3e. C2·LibProfile Penalty based Diversity and Similarity Selection

The design of libraries can be constrained at three levels, penalties can be simultaneously imposed at any or all levels.

• Subset library level: Libraries can be constrained to obey the combinatorial constraint. They may also be further constrained such that certain reagents must be included in any design library.

• Library product molecule level: Preferred properties of the library products can be constrained either by specifying ranges of desirable properties (e.g.
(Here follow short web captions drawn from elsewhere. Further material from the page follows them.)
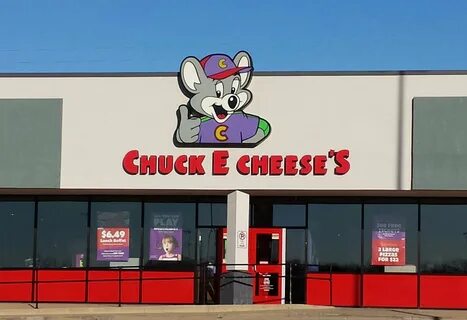 Chuck e cheese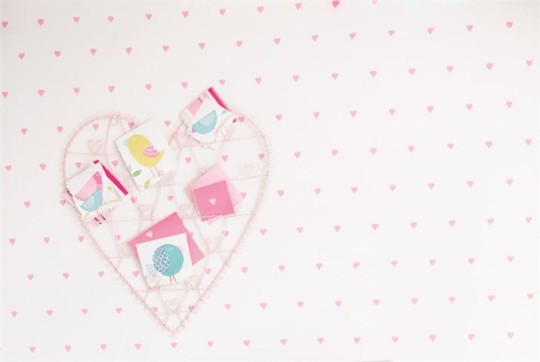 Tapeta Harlequin What a Hoot Love Hearts 70502
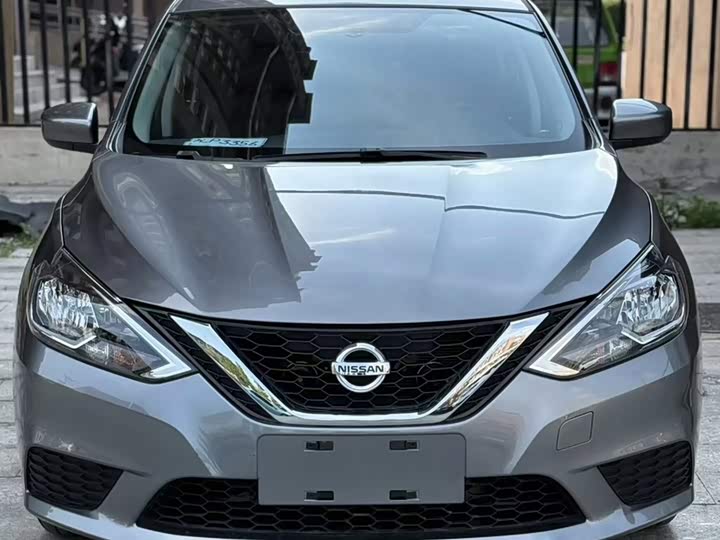 Nissan Sylphy, 2022 — фото 3 из 9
Lipinski's rules), or from known profiles, using a database of molecules to represent "ideal" property distributions.

• Library reagents level: Selections can be constrained towards desirable reagents (based on price for example) or by total numbers of reagents or suppliers.

15.   Open the study table

Go to the LIBRARY ANALYSIS card located on the COMBICHEM-I card deck and select Show Study Table. Open the file Cerius2-Resources/COMBICHEM/demos/dipep_400_pca.tbl.

and create a 3D plot

Create a 3D plot from the first three principal components. First, select the first three columns marked PC in the Study Table.

Click the 3D Plot button on the Study Table button bar (this is the sixth button from the right, marked with a picture of a cube).

This will bring up the 3D Plot Samples control panel.

On the 3D Plot Samples control panel, click Set XYZ and then 3D Plot.

16.   Examining Property Profiles for the Virtual Library

The library design in the next step will constrain the molecular weight and number of hydrogen bond acceptors. First the distributions of these properties in the virtual library will be examined.

In the study table, scroll right and select the MW and H bond acceptor columns (Control-Click to add columns to the selection). Then, push the Histogram button (the button with a tiny picture of a histogram) in the center right of the Study Table tool bar.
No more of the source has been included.